The Dow fell 143.39 points, or 1.07%, to 13,305.47. The S&P 500 was down 17.13 points, or 1.15%, at 1472.29, and the Nasdaq was off 24.29 points, or 0.92%, at 2605.95.
In the new session, breadth turned around from Wednesday's weak levels. On the
New York Stock Exchange
, 2.79 billion shares changed hands Monday, as advancers topped decliners by an 5-to-3 margin. Volume on the Nasdaq reached 1.84 billion shares, with winners outpacing losers nearly 8 to 7.
Economic data were also in focus. The Labor Department said initial jobless claims dropped by 19,000 last week to 318,000. The latest data arrived a day before the closely watched jobs report. The government is expected to say that the U.S. economy added 120,000 jobs in August, compared with an increase of 92,000 in July.
"Given the level of apprehension, we could take advantage of any weakness," said Marc Pado, U.S. market strategist with Cantor Fitzgerald. "Gutsy traders should buy the close, hoping stocks rally on either low rates or solid jobs tomorrow."
St. Louis Fed President William Poole offered his thoughts about the health of the U.S. economy and job growth, noting that the labor market is strong and "operating near full employment."
In a separate report, the Labor Department said that second-quarter productivity was revised upward to a 2.6% gain from a preliminary reading of 1.8%, above expectations.
Also on the economic front, the Institute for Supply Management said the August reading for its services index came in at 55.8, unchanged from July and above estimates.
Treasury securities lost ground. The 10-year bond was down 11/32 in price, yielding 4.51%. The 30-year note was off 15/32 in price, yielding 4.80%.
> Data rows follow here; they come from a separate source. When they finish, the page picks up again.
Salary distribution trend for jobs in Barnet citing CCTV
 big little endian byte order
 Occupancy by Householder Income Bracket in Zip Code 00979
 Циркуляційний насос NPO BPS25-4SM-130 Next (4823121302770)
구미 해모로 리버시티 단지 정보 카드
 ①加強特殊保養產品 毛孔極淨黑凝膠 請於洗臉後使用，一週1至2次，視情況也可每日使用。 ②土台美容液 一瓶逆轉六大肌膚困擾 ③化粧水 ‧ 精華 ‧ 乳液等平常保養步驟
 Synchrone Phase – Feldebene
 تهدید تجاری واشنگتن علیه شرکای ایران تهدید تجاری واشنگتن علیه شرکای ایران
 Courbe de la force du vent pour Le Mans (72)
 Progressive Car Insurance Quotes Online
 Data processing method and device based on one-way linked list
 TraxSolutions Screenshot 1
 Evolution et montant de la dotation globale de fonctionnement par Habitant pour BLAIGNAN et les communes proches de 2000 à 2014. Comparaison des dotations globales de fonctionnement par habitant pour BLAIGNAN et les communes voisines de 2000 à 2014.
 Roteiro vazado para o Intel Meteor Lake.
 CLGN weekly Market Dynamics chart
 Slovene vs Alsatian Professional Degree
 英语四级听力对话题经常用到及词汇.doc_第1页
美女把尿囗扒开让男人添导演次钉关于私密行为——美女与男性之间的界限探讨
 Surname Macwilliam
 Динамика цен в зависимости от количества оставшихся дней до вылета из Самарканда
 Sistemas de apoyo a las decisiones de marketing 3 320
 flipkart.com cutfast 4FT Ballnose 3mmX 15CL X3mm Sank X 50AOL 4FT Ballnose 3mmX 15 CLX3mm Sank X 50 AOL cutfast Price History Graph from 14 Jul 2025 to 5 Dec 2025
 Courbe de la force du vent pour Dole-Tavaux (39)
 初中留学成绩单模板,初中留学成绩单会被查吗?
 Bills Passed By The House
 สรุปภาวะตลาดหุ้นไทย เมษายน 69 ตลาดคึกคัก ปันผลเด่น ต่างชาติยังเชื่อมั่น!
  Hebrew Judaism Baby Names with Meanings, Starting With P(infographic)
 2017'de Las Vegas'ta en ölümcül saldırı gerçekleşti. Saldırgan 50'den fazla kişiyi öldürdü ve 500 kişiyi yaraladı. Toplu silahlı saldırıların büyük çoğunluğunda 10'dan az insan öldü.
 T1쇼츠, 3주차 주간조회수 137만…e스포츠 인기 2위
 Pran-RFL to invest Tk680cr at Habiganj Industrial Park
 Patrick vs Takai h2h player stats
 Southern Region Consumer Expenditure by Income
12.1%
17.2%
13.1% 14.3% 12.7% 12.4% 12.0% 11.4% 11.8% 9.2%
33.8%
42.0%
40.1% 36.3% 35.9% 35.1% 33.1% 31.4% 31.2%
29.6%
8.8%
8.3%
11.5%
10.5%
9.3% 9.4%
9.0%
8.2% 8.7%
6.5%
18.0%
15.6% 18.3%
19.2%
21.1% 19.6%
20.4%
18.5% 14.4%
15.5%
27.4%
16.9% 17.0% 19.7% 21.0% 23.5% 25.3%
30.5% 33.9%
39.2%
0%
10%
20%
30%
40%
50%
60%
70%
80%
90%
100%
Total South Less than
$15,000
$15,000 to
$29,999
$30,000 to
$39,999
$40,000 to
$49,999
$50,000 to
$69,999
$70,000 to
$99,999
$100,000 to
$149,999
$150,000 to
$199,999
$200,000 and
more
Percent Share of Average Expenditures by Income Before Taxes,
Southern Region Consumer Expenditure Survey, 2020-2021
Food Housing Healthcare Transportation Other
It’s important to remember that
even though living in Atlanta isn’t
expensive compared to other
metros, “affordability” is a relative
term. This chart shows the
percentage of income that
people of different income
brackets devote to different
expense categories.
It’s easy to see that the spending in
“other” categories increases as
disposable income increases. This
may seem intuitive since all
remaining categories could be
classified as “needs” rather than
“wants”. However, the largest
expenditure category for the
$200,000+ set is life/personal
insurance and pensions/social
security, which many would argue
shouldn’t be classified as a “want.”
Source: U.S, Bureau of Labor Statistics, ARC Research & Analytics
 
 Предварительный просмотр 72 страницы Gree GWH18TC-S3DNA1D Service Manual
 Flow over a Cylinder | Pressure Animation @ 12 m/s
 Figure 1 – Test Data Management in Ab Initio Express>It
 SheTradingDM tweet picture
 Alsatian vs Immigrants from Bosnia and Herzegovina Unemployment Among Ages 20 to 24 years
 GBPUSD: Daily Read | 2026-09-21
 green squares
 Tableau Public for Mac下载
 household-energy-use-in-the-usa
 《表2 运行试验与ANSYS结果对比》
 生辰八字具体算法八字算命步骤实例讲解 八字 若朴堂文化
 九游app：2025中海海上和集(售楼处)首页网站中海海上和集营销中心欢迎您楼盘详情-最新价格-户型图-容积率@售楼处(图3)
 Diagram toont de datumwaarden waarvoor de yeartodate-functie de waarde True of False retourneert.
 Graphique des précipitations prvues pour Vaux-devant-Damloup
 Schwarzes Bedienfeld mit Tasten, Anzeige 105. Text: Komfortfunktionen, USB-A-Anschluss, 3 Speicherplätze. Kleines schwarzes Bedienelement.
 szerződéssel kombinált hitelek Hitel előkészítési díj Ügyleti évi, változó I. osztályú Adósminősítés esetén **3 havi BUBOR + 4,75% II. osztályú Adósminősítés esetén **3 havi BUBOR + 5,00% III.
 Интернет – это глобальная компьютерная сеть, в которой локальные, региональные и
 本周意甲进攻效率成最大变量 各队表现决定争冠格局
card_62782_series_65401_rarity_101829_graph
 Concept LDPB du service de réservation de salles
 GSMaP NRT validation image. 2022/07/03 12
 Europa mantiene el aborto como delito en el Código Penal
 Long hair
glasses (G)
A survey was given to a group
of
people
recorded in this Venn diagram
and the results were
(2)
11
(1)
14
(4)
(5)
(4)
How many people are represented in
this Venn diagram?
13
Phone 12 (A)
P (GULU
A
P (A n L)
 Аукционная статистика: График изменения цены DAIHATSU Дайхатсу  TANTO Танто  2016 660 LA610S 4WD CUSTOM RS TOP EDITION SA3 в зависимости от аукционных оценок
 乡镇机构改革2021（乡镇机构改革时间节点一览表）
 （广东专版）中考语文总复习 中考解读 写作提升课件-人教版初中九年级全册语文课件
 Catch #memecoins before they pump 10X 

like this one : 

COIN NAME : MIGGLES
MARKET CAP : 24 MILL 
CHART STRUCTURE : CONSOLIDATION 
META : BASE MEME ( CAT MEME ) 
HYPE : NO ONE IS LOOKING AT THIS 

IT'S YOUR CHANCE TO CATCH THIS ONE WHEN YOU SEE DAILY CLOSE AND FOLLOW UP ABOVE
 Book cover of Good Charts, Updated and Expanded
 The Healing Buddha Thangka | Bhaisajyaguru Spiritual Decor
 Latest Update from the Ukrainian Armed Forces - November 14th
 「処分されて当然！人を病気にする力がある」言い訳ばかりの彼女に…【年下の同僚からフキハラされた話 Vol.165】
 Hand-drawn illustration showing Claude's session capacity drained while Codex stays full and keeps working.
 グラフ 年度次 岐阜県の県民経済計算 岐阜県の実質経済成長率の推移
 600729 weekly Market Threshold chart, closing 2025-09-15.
Meanwhile, policymakers overseas made headlines. Both the European Central Bank and the Bank of England left their key interest rates unchanged at 4% and 5.75%, respectively. The ECB noted that monetary policy is still accommodative, but that volatility in the financial markets has led to uncertainty.
Similarly, the Bank of England said that it is too soon to judge the impact of the liquidity crisis on financial markets, but that there are tentative signs that consumer spending is slowing.
Earlier, the ECB injected more than $57 billion into the banking system as a measure to calm liquidity fears. Shortly after the opening bell, the Fed announced it added a total of $31.25 billion to its own system by way of a series of repurchase operations.
Paul Mendelsohn, chief investment officer with Windham Financial, said that the rate decision by the ECB and Bank of England should have no bearing on what the Fed will do at its Sept. 18 policy meeting.
"The Fed is in a different position than the ECB. European banks may be holding securities, but they're not the source of the mortgage problem," he said. "This credit problem is more of a problem for the U.S. economy than foreign economies. If the European central banks had cut rates, it would've made an impact. Leaving rates unchanged won't really affect us."
Elsewhere, the People's Bank of China, trying to keep a lid on inflation, raised the reserve requirements for banks for the seventh time in 2007. Now, 12.5% of deposits will have to be held in reserve, up from the prior 12%.
Major overseas markets were generally higher. London's FTSE 100, the Paris' CAC 40 and Germany's Xetra Dax were all up 0.5%. Overnight in Asia, Japan's Nikkei 225 added 0.6%, while Hong Kong's Hang Seng eased 0.1%.
Crude oil rose 57 cents to close at $76.30 a barrel after the Energy Department's weekly inventory report showed bigger-than-anticipated declines in gasoline and crude stocks. Also supporting higher prices was more violence in the Middle East, where Syria claims to have fired on Israeli aircraft that crossed its border.